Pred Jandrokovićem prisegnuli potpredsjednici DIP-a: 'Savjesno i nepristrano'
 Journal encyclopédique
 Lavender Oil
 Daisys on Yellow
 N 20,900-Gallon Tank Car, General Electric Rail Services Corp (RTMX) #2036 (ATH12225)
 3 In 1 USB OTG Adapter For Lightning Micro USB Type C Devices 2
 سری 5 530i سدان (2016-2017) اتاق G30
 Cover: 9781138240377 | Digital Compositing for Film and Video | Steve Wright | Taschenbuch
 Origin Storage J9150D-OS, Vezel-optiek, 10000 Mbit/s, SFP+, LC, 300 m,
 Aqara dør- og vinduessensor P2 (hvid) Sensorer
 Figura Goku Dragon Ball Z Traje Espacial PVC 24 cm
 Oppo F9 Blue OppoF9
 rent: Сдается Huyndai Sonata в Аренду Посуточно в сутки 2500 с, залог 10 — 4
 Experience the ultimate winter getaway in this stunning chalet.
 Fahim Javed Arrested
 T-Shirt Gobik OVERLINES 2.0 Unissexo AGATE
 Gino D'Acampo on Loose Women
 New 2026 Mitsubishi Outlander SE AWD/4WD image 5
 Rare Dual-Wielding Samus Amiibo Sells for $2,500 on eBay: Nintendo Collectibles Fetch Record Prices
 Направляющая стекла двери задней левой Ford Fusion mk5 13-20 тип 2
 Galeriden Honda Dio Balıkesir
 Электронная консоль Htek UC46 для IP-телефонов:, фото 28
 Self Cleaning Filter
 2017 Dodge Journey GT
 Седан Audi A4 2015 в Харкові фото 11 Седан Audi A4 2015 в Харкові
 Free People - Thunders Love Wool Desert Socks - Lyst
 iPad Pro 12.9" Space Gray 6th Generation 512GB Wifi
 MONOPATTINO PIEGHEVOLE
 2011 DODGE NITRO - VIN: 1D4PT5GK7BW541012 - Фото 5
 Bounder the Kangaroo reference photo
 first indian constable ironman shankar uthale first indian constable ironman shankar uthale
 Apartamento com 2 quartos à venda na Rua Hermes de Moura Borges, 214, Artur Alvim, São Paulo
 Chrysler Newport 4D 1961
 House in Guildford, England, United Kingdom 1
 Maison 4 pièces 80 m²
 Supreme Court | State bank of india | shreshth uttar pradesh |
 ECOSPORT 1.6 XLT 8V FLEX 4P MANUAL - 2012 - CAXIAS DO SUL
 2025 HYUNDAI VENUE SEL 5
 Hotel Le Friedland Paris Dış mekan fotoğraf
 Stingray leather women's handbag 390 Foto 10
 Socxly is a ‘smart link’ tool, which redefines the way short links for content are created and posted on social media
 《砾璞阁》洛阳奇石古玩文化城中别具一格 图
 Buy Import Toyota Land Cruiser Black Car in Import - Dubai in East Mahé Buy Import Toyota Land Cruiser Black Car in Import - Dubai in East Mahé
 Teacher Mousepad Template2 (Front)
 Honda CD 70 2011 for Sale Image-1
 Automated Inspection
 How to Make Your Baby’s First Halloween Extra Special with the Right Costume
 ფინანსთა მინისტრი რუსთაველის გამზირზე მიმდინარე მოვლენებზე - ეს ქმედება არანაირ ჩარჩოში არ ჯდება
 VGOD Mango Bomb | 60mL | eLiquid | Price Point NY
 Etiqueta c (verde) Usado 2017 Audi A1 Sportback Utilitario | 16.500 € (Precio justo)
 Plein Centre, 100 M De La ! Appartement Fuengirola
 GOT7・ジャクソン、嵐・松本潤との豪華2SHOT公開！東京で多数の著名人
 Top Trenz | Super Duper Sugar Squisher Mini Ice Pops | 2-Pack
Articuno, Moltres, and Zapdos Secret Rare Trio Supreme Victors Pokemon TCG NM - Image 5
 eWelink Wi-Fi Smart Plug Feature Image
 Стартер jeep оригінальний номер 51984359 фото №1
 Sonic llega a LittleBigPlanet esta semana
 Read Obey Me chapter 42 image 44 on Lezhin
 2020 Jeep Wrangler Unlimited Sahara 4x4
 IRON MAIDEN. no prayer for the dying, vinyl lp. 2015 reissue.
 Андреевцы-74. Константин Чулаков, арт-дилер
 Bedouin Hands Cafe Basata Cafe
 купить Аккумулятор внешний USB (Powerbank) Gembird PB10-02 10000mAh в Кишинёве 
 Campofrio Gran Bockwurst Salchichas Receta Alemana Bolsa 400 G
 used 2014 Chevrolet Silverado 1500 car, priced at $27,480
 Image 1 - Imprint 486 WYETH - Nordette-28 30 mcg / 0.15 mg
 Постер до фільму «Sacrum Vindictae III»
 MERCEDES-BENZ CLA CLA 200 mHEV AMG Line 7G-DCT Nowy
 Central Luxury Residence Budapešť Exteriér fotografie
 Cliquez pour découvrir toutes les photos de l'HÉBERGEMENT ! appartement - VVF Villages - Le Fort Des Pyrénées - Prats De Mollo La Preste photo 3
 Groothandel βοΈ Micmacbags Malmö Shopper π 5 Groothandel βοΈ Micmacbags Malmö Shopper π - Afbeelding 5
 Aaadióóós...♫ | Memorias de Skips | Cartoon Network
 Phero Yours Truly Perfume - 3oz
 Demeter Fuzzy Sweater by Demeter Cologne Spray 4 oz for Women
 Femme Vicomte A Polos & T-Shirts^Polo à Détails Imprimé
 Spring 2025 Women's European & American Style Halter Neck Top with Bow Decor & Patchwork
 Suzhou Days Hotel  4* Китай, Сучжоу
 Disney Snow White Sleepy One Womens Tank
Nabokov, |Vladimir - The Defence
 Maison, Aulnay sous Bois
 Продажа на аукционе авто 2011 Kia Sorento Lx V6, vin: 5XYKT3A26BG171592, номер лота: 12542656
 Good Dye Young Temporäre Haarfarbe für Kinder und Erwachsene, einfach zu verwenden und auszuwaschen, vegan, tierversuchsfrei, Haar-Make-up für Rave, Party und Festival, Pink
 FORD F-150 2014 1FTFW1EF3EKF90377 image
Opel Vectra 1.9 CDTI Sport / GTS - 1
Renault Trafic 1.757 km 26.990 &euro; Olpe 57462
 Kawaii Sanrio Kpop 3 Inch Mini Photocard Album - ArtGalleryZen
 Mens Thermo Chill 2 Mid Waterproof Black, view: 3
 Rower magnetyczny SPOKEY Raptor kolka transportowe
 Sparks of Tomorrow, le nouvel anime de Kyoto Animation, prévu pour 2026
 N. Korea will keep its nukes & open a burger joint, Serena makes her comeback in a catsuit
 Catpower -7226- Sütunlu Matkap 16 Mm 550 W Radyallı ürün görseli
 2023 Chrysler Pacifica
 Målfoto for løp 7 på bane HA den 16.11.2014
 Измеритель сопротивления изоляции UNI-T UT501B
========
Copy out every line of the material above that contains the string "Maison".

 Maison 4 pièces 80 m²
 Maison, Aulnay sous Bois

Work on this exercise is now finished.